## What you will do:
Only the lines from the one containing "Gold Classic Embrace Adorned Band Right View" to the end of the data should be copied, exactly and without pictures.
:: Collected data ::
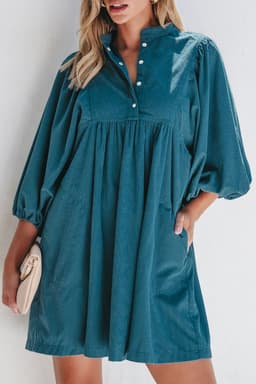 image-Blue Corduroy Snap Buttons Empire Waist Bracelet Sleeve Dress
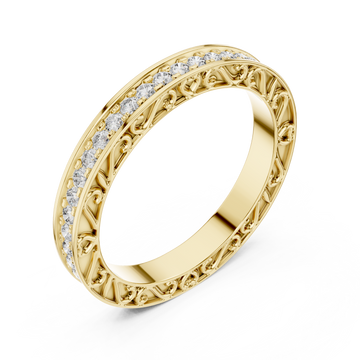 Gold Classic Embrace Adorned Band Right View
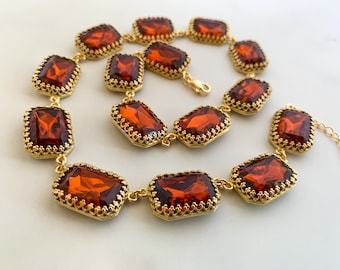 MADIERA Topaz Glass ART DECO Necklace, vintage 13X18 Octagon Large glass in Madiera Red Brown 16k Gold Paste Art Deco Reproduction Necklace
:::
## Solution to the problem:
 Gold Classic Embrace Adorned Band Right View
 MADIERA Topaz Glass ART DECO Necklace, vintage 13X18 Octagon Large glass in Madiera Red Brown 16k Gold Paste Art Deco Reproduction Necklace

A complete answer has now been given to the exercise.